The Gilded Age stars Cynthia Nixon (Sex and the City) as the unmarried Ada Brook and Christine Baranski (The Good Fight) as the widowed Agnes van Rhijn, both of whom are sisters and members of the (old) New York aristocracy. They take in their penniless niece Marian (newcomer Louisa Jacobson), who arrives just in time to meet the fabulously wealthy new neighbors (The Leftovers' Carrie Coon and The Plot Against America's Morgan Spector, below, as Bertha and George Russell), whose spare-no-expense attempts to break into society are met with disdain.

The Gilded Age
'The Gilded Age'. Alison Cohen Rosa/HBO
The Gilded Age
'The Gilded Age '. Alison Cohen Rosa/HBO

"It was originally Mark Twain who called this the gilded age," Fellowes tells EW of the time period. "The important word is gilded. It's not the golden age, it's the gilded age. And that tells us it was all about the surface. It was all about the look of things, making the right appearance, creating the right image. That's what was really what distinguished the era. What happened after the Civil War was over was how these enormous fortunes grew out of it. You saw these enormous railway fortunes, shipping fortunes, copper, coal. These fantastically rich individuals descended on New York where they found a perfectly settled indigenous upper class based on the families of Scotland and England who had come over 200 or 300 years before. But they were more modest. They were living in houses in Washington Square that were not enormous. They lived respectable lives and that was New York society at the time. But for the new arrivals, that wasn't enough for them. They wanted to do something bigger and better. They started to build these palaces on Fifth Avenue and gradually pushed further north. So you had these great rivalries between the new families and the old."
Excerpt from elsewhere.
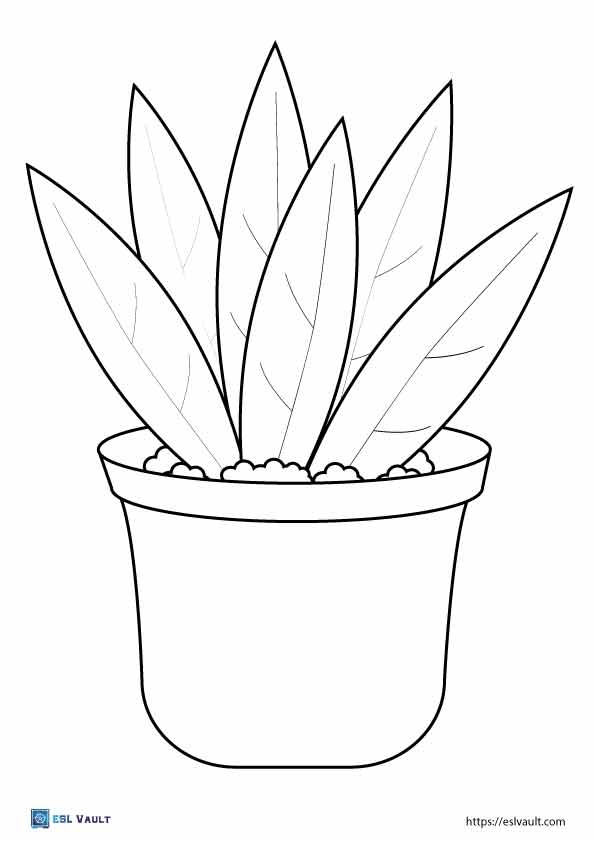 20 Free Printable Plant Coloring Pages ESL Vault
The series also stars Our Friend's Denée Benton—below right, with Jacobson (who, fun fact, is Meryl Streep's youngest daughter)—as Peggy Scott, a budding writer who comes to Marian's aid during her trip to New York City and ends up working for Agnes because of her good penmanship. But her employ raises an eyebrow or two. "While it was a period of expansive wealth and great opulence for a small segment of Americans, it was also a time when social inequities were glaring," says Dr. Erica Armstrong Dunbar, a co-executive producer and historical consultant on The Gilded Age. "Viewers will see these different worlds and be able to connect the past to the present."

The Gilded Age
'The Gilded Age'. Alison Cohen Rosa/HBO

The series also introduces a number of dynamic characters who work in the Russell and van Rhijn households, but The Gilded Age shouldn't be viewed as a Downton 2.0. "Someone will accuse me of that anyway, so I don't think I'll let it hold me up much," quips Fellowes, who's executive producing the series with his former Downton partner, Gareth Neame. "When we recreate that period, we're as interested in the people working below the stairs as we are in the people above it. It was an integral part of that life, and I don't really see how you can tell those stories anymore and not define the servant characters because they were all there. They were all thinking and feeling and having opinions about their employers and plans for their own lives."

Adds Dunbar, "While The Gilded Age is a fictional show, it's important to ground the storytelling in authenticity. We want viewers to feel and see a landscape that is from the past yet believable and accurate. The show takes place in late 19th century America when the country was moving into a modern era. We want viewers to experience and marvel at the progress of that moment but to also understand the very real hurdles that existed for many Americans."

The Gilded Age debuts Monday, Jan. 24, at 9 p.m. ET on HBO. It will also stream on HBO Max.